Nice collection! I'm guessing you have four River Rock lanterns for lighting up your house in the event of a power failure, or is your intention to simply collect them?


----------



## Atomic_Chicken (Mar 8, 2007)

Greetings!



LowBat said:


> Nice collection! I'm guessing you have four River Rock lanterns for lighting up your house in the event of a power failure, or is your intention to simply collect them?


Thanks!

As for the River Rock lanterns lighting up the house in a blackout - yes... that was my main intention, but I also think they're great camping lights and I sometimes go with several people so we have 2 or 3 tents set up. Having multiple lanterns just makes sense - not to mention the "pair and a spare" philosophy I have for my most relied upon items.

Best wishes,
Bawko


----------



## LuxLuthor (Mar 8, 2007)

Nice collection. I only have heard of the SF, of which I have the L2. Nice for lighting up your chicken coop! :rock:


----------



## Illum (Mar 9, 2007)

correction, the Inova X1 never used a TIR....but instead the old one uses a collimator optic thatr basically allows no spilllight


----------



## ACMarina (Mar 9, 2007)

I was worried at first when all I saw was Inova, but you satisfied my fear with your other pics 

Nice lookin' collection!!


----------



## roadie (Mar 11, 2007)

Nice but hor why buy so many of the same type ??

curious


----------



## Strauss (Mar 11, 2007)

Nice pics of an equally nice collection :goodjob:


----------



## farmall (Mar 11, 2007)

roadie said:


> Nice but hor why buy so many of the same type ??
> 
> curious


 the "pair and a spare" philosophy I have for my most relied upon items


----------



## Atomic_Chicken (Mar 11, 2007)

Greetings!



roadie said:


> Nice but hor why buy so many of the same type ??
> curious



farmall partially answered the question in the last post, but there is a little more to it than that.

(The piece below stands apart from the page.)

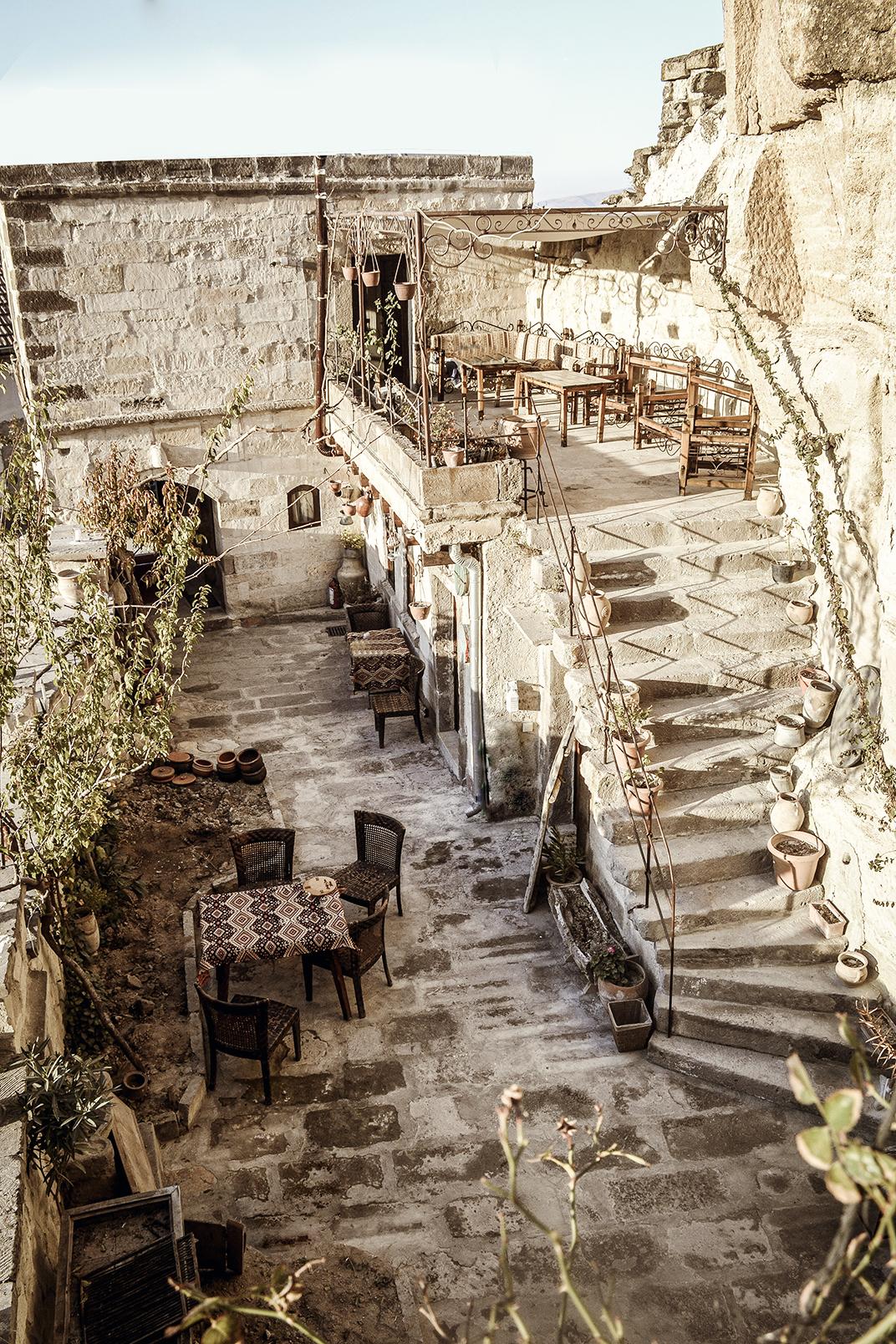 Emily Cave House Bed & Breakfast Göreme Eksteriør bilde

Sure... I have the "spare and a pair" philosophy for things that I depend on, but also I have a "buy it now" philosophy for things that seem unusually good. A few years ago, I bought a CMG Infinity flashlight in White. I loved that light, it was my main keychain light for several months. Well... one evening I was taking it off my keychain show it to a friend just outside of a bookstore, and it slipped out of my hand. I watched in horror as it rolled down the steps, across the sidewalk, and into the path of an oncoming car. The car ran over it, which would have been fine normally, but this flipped the flashlight into the ditch next to the road where there was a storm-drain grate. It rolled into the storm drain grate, never to be seen again.

I went to the place that sold CMG lights the next day, to replace my little jewel of a keychain light, and found that they only had Red and Blue versions... and the White had been replaced by a Gerber brand "infinity" light. Well... I bought all of the Red and Blue CMG's they had left on the rack (3 Red and 2 Blue, 4 of these lights are in the above photos) and went home to research the Gerber model. I found out that it just isn't the same light, not as rugged or as long-burning.

The lesson I learned that day is that you just can't assume that you will be able to buy more of something, and that if you like it you should buy as many as you can afford right THEN, because you might be unpleasantly surprised if you wait to get an extra or two.

The other reason that I have multiples of some lights is that I found great deals on some (the Nexxtech and Inova stuff) and couldn't resist buying a bunch of them for gifts and long-term storage until the time is right to Ebay them. The Nexxtech lights were all purchased at Circuit City for $3 or less each, and the Inova X02's were purchased at Costco for $23 each, about 1/2 to 1/3 of the normal price.

Best wishes,
Bawko


----------



## tman11 (Jun 21, 2007)

Great Collection. Especially the A2's.


----------



## IndecisiveFlashaholic (Jun 23, 2007)

I thought I read somewhere that you had more A2's. :lolsign: Superb collection of lights.


----------



## Atomic_Chicken (Jun 23, 2007)

Greetings!



IndecisiveFlashaholic said:


> I thought I read somewhere that you had more A2's. :lolsign: Superb collection of lights.



You read correctly. I just haven't updated these photos for a while.

I currently own 12 Aviators, including 2 black HA versions. I had 13 for a about four days last week, but ended up trading one of them away.

Best wishes,
Bawko


----------



## IndecisiveFlashaholic (Jun 23, 2007)

Atomic_Chicken said:


> Greetings!
> 
> 
> 
> ...



If you don't mind me asking, what did you trade an A2 for?


----------



## Atomic_Chicken (Jun 23, 2007)

Greetings!



IndecisiveFlashaholic said:


> If you don't mind me asking, what did you trade an A2 for?



A Bob Dozier custom fixed-blade knife.

Best wishes,
Bawko


----------



## IndecisiveFlashaholic (Jun 23, 2007)

Atomic_Chicken said:


> Greetings!
> 
> 
> 
> ...



Very nice!


----------